The Talmud relates the following exchange (b. Nidah 31b):

שאלו תלמידיו את רבי שמעון בן יוחי: מפני מה אמרה תורה יולדת מביאה קרבן?
R. Shimon ben Yochai’s student asked him: “Why does the Torah ordain that a woman following childbirth (parturient) should bring an offering?”
אמר להן: בשעה שכורעת לילד קופצת ונשבעת שלא תזקק לבעלה, לפיכך אמרה תורה תביא קרבן.
[R. Shimon] responded: “At the time when she squats to give birth she swears impetuously that she will not have intercourse (again) with her husband. Therefore, the Torah tells her to bring an offering.”
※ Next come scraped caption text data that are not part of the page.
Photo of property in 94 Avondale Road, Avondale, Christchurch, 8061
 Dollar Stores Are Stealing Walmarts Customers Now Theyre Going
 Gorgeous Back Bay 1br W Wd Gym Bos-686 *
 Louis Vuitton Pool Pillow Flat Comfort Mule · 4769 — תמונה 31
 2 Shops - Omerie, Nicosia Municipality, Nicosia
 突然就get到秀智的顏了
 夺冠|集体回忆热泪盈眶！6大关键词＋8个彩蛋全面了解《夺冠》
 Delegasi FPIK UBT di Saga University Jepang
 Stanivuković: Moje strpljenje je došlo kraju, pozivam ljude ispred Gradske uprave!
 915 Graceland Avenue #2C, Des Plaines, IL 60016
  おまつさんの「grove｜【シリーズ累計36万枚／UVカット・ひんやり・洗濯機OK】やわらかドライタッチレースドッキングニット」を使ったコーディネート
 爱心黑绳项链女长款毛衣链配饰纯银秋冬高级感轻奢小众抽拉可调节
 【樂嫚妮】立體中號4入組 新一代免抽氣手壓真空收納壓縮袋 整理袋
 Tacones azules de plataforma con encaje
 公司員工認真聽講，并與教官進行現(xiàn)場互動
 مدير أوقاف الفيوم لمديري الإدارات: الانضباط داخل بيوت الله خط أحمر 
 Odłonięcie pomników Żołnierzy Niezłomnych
The students here are referring to the instruction in Leviticus 12:6 regarding the parturient:

ויקרא יב:ו וּבִמְלֹ֣את׀ יְמֵ֣י טָהֳרָ֗הּ לְבֵן֘ א֣וֹ לְבַת֒ תָּבִ֞יא כֶּ֤בֶשׂ בֶּן שְׁנָתוֹ֙ לְעֹלָ֔ה וּבֶן יוֹנָ֥ה אוֹ תֹ֖ר לְחַטָּ֑את אֶל פֶּ֥תַח אֹֽהֶל מוֹעֵ֖ד אֶל הַכֹּהֵֽן: יב:ז וְהִקְרִיב֞וֹ לִפְנֵ֤י יְ-הֹוָה֙ וְכִפֶּ֣ר עָלֶ֔יהָ וְטָהֲרָ֖ה מִמְּקֹ֣ר דָּמֶ֑יהָ…
Lev 12:6 On the completion of her period of purification, for either son or daughter, she shall bring to the priest, at the entrance of the Tent of Meeting, a lamb in its first year for a burnt offering, and a pigeon or a turtledove for a sin offering.12:7 He shall offer it before YHWH and make expiation on her behalf; she shall then be clean from her flow of blood…

What is her transgression? Though the sage’s answer about why she is bringing a sin offering for expiation was probably tongue in cheek, R. Joseph’s subsequent refutation shows that he had little patience for R. Simeon’s humor.[1] So the puzzle remains.

Purification Offering: Milgrom’s Theory

In modern biblical scholarship, Jacob Milgrom (ז”ל) took this case as further evidence for his view that the term חטאת should be rendered “purification offering” rather than as a “sin offering.”[2] I have argued, however, based on the term’s etymology, that we must leave the traditional translation as is.[3] But then we are left again with the problem, what was the sin?

The Dangers of Child Birth and Hittite Rituals

As is well known, giving birth posed considerable dangers to both mother and child in the premodern world, as is amply attested in the biblical and ancient Near Eastern textual record.[4] A key piece of evidence for our inquiry comes from the Hittites, inhabitants of a powerful kingdom in ancient Turkey.[5] Not only do the Hittite archives preserve a relatively large number of birth rituals from the 14th and 13th centuries BCE, many of these contain blood rites of smearing of blood on the birth seat, which is strikingly similar to the biblical sin offering involving the smearing of blood on the horns of the courtyard altar.[6]

It should be noted that in some other Hittite rituals, the blood smearing rite (called by the Hurrian term for blood, zurki) is performed on cultic objects, including cult statues.[7]Importantly, these rituals derive from the region of Kizzuwatna (classical Cilicia) in South-Eastern Anatolia, bordering on Northern Syria, a place where ritual traditions were exchanged between various ethnic groups in close proximity to the Land of Israel.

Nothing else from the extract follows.